The “Milk Cow Blues” became the sad anthem of the lives of Brian Wilson and Catherine O’Leary following The Great Fire that consumed both of their worlds. Everything they’d hoped for went up in flames; and once you lose hope you lose everything. Sure, you still have your life, but without spirit it isn’t much of a life. Yea, though separated by 95 years and 2000 miles, history made bedfellows of ol’ Bri and Kate, with a crazy cow hiding in the shadows of their melancholic bedroom flipping burning matches on them as they slept.
DTG could end this bluesy blazing bovine blog here, and could do so with a hell of a lot more credibility than that clown Ahern did with that lying rag The Chicago Republican. Everything I’ve listed is a matter of record. I’ve made nothing up. I did my research fair and square, pulling info from credible sources. No, I’ve not noted them. I’ll let the critic do the footwork, because I haven’t the word count to spare. Besides, it isn’t very hard anymore to track people’s facts. Google has transformed footwork into fingerwork in ways The Yellow Pages could never have dreamed.
And I’m certainly not writing for a buck. I’m not financially rewarded by ChicagoNow, so I haven’t a profit motive in framing my story as I have. I write and I paint because I write and I paint. I really don’t have any choice. There’s a force inside me—that seems to be feminine, I might add—that demands I do. My muse is one hard woman. So I abide. If I didn’t I’d probably burn up like ol’ Bri and Kate. My mind and my spirit would go up in a conflagration of my imagination and I’d be a sad mess of a man. I’m fortunate for this blogging phenomenon thing. Really fortunate. As a creative outlet available to me at any hour, I am truly thankful. It keeps me sane.
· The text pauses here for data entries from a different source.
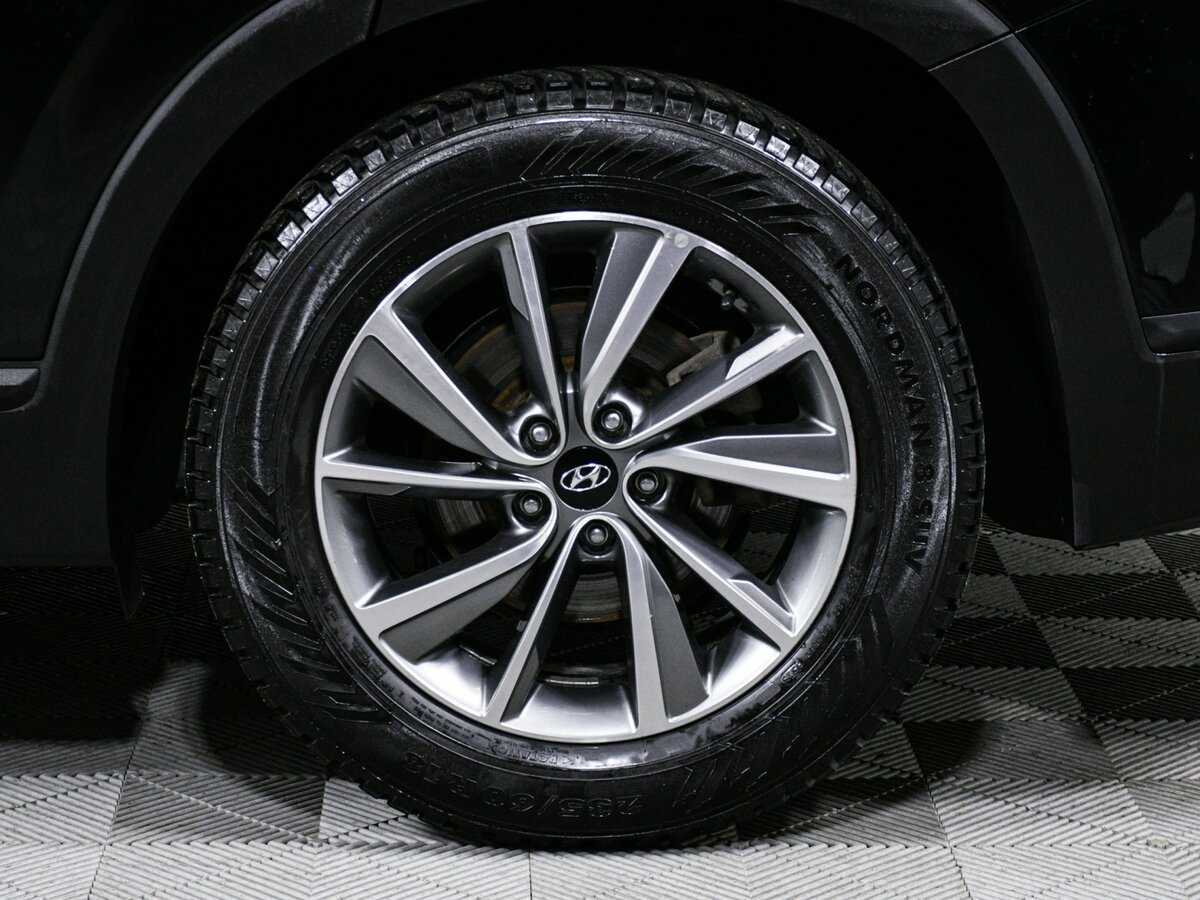 Б/У Хендай Санта Фе 2018 года. Фото: #14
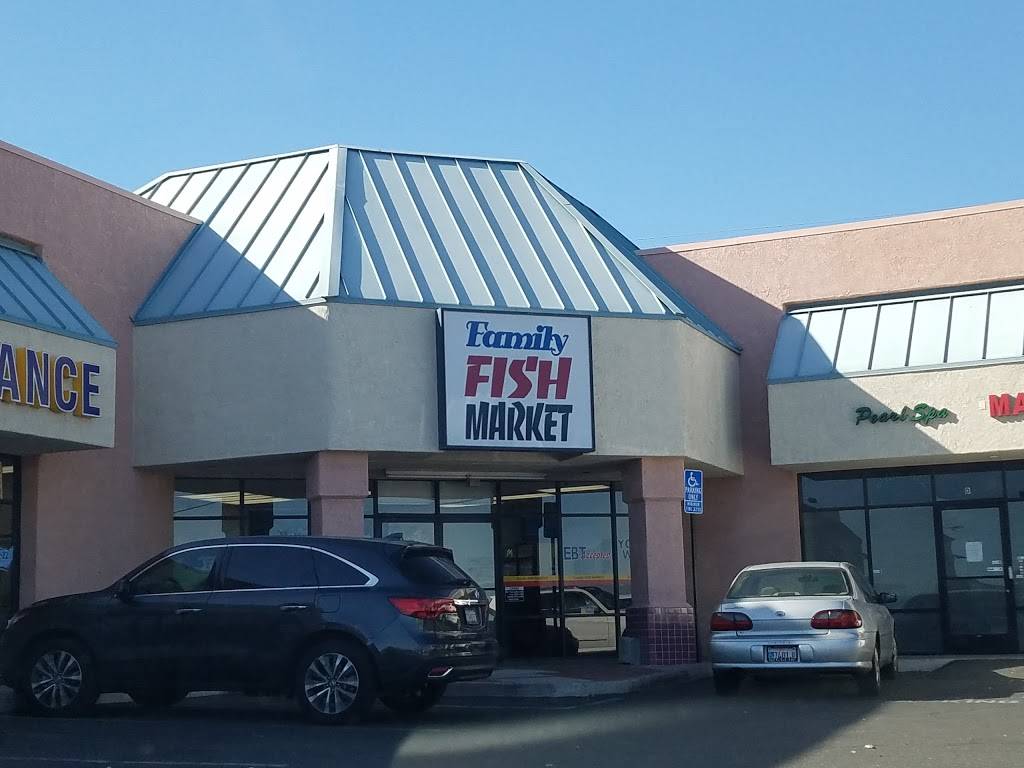 Family Fish Market | restaurant | 14928 7th St, Victorville, CA 92395, USA | 7602451416 OR +1 760-245-1416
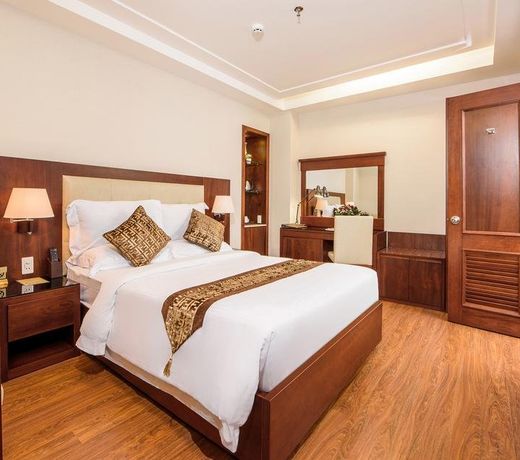 Nhat Ha LâOpera Hotel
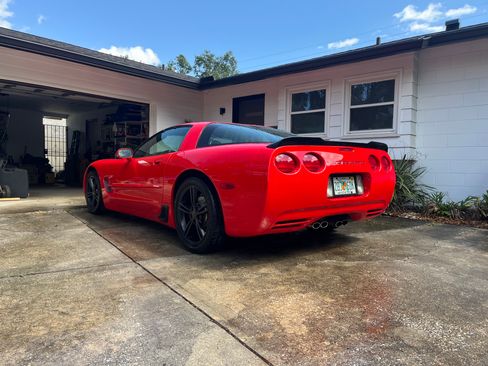 Used 2001 Chevrolet Corvette Coupe w/ Preferred Equipment Group2 RWD image 5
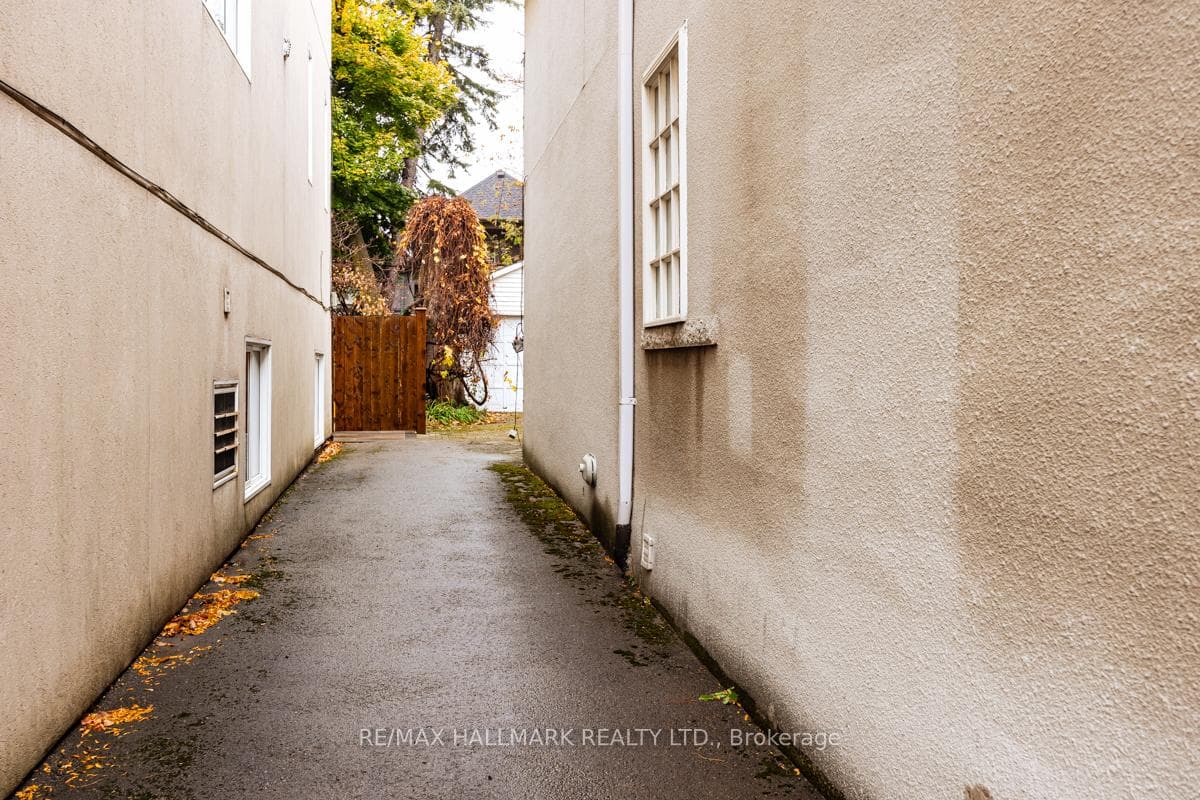 106 Roslin Avenue photo 30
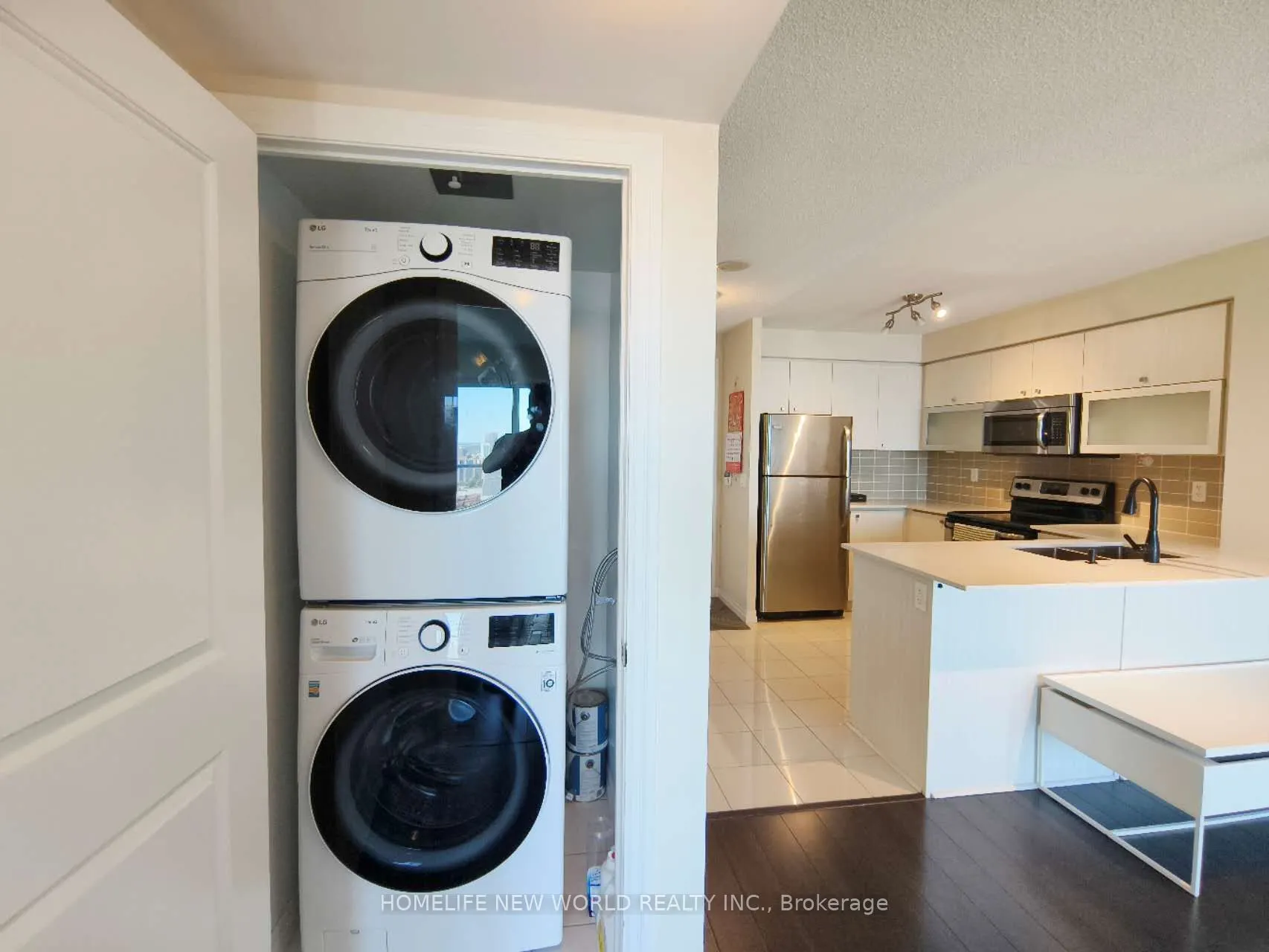 275 Yorkland Road, #3208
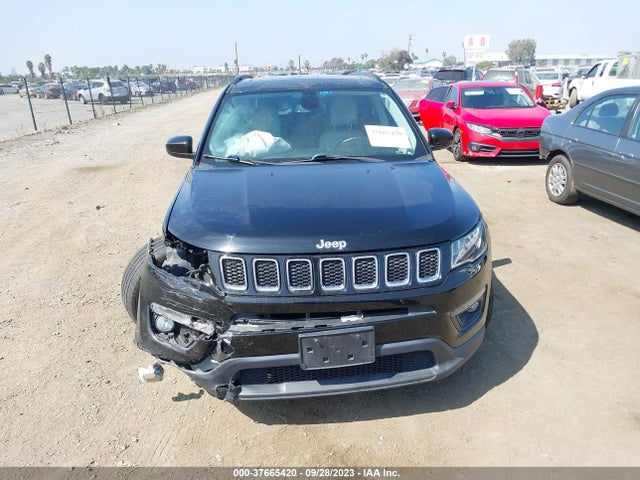 Jeep Compass Latitude W/sun/wheel Pkg 2018 3C4NJCBB4JT486853 Image 13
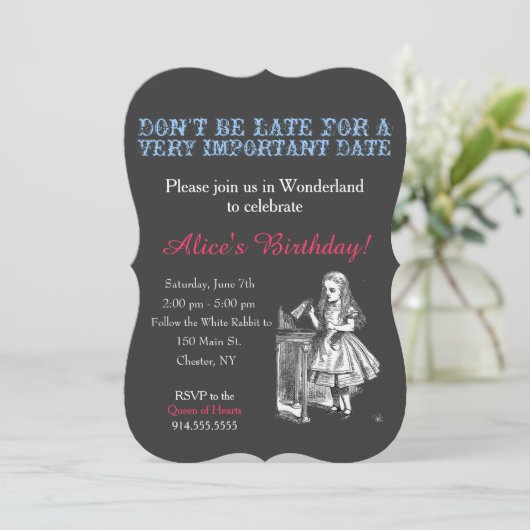Alice in Wonderland verjaardagsfeestje, aangepast Kaart (Staand voorkant)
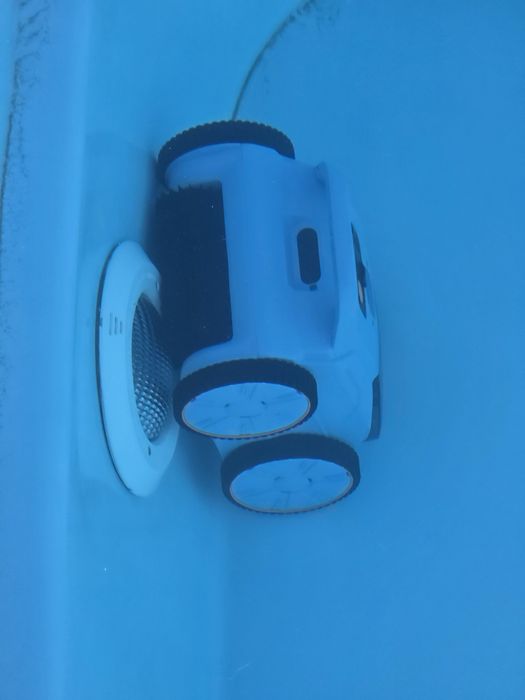 Robot automat curățare piscină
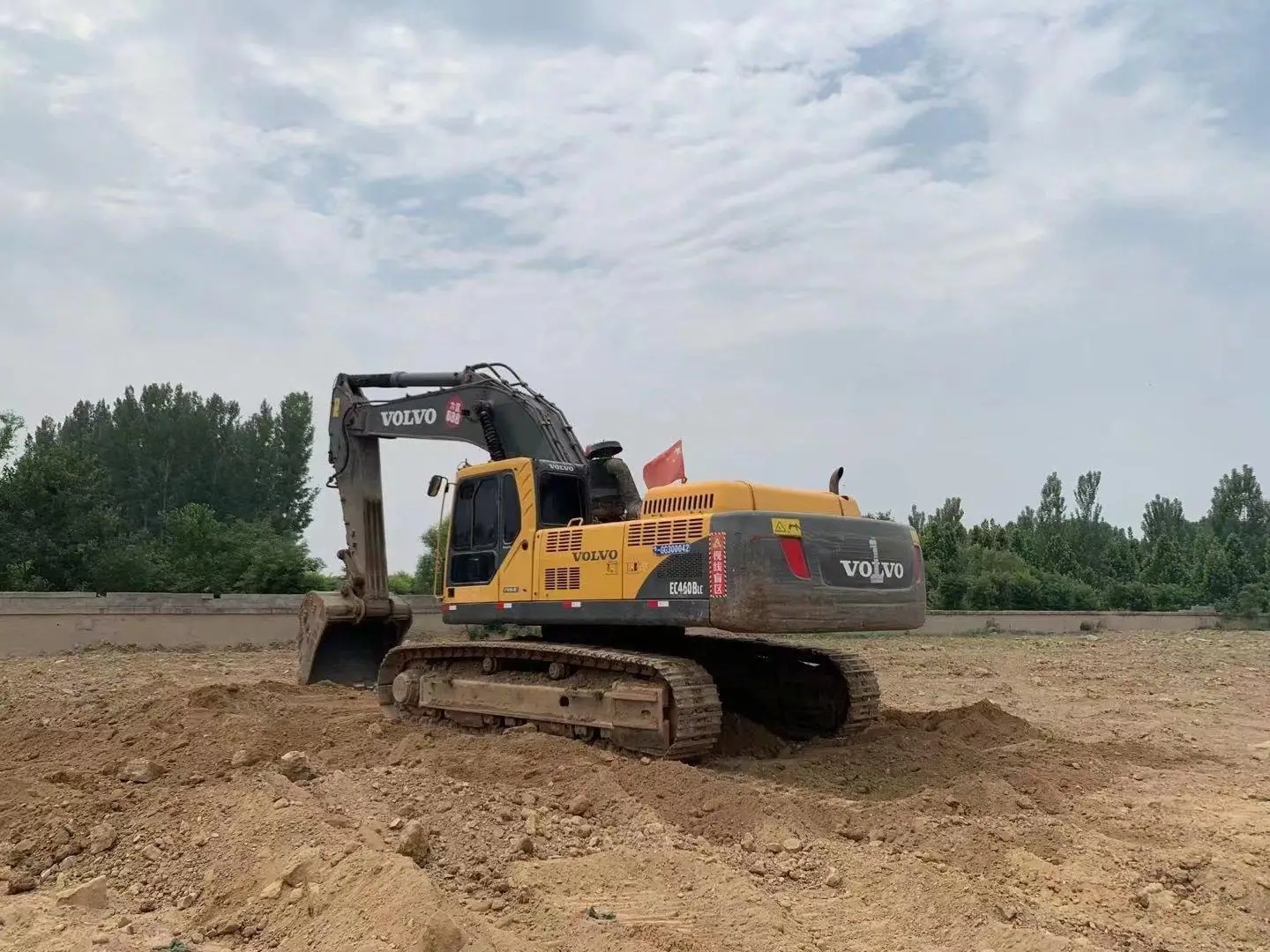 Экскаватор Volvo 460BLC Подержанный гидравлический гусеничный экскаватор продается по хорошей цене в Японии оригинальное оборудование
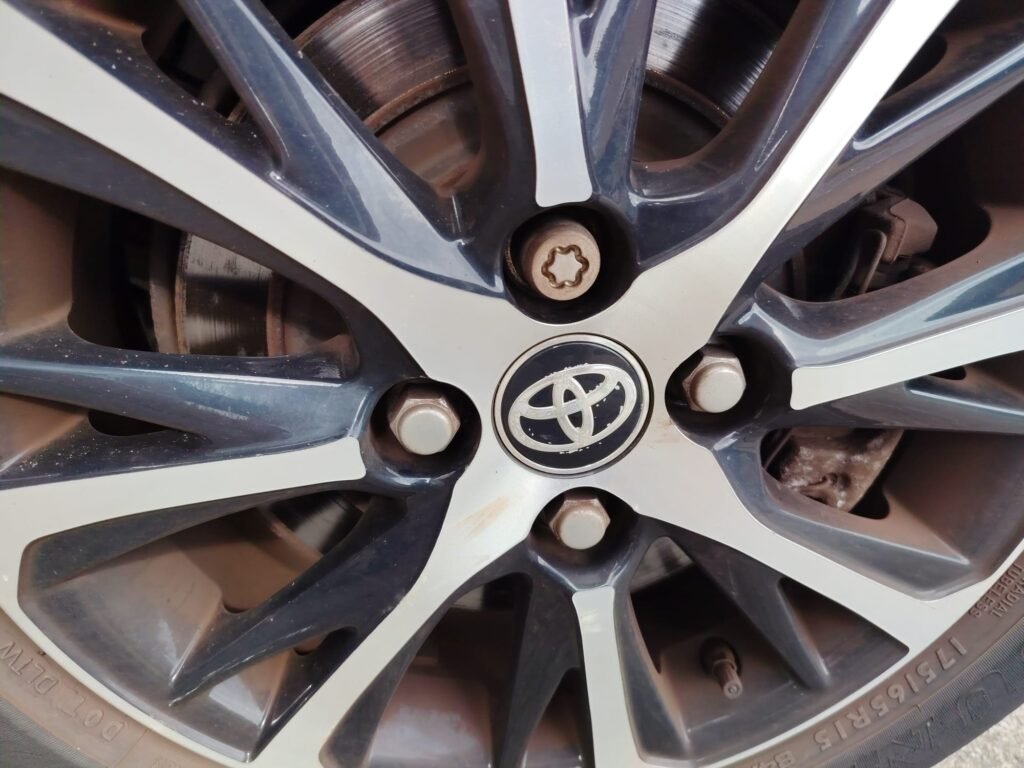 Toyota Yaris - Hybrid wheel locking nut key replacement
And it’s precisely why I must conclude my Great Fire anniversary post on the upbeat. I’m going to wrap up this 3-part blog wearing a SMiLE with the hope I’ll spread Good Vibrations to my readership. And how can I do that with over 2000 words of dour destruction behind me? It’s easy, actually. It’s even easier than Googling.
Look at the positive. Yep. See the sunny side. It’s right here in front of us.
After the fire, Chicago reinvented itself. A city constructed of wood and 19th-century technology rebuilt looking toward the 20th-century and created an architectural stage for the very best performers, a cultural legacy from which we in the 21st century continue to benefit.
And after the fire, Brian Wilson rebuilt as well. A man constructed of the combustible combination of a pushy exacting father and the commercial pressure of being the brains of the The Beach Boys, cut loose from his past, deconstructed, then rebuilt and went on his own. Remarkably, in 2005, 38 years after the original recording of “Mrs. O’Leary’s Cow,” the track won him a Grammy Award following its 2004 remastering and release from purgatory. He won Best Rock Instrumental. It was Wilson’s first Grammy.
I’m now minutes from clicking the Publish button on this WordPress dashboard, and when I do it’ll be with a sense of history and a sense of hope, because I know 140 years ago, at approximately this very hour, the skies over Chicago quenched the seeds of rebirth by dousing a hellish city with a heavenly rain.
There’s a lesson to be learned and a wisdom to be appreciated here, and for it we must thank an arsonist cow, be she real or imagined or a piece of journalistic fiction. For without her we wouldn’t be who we are.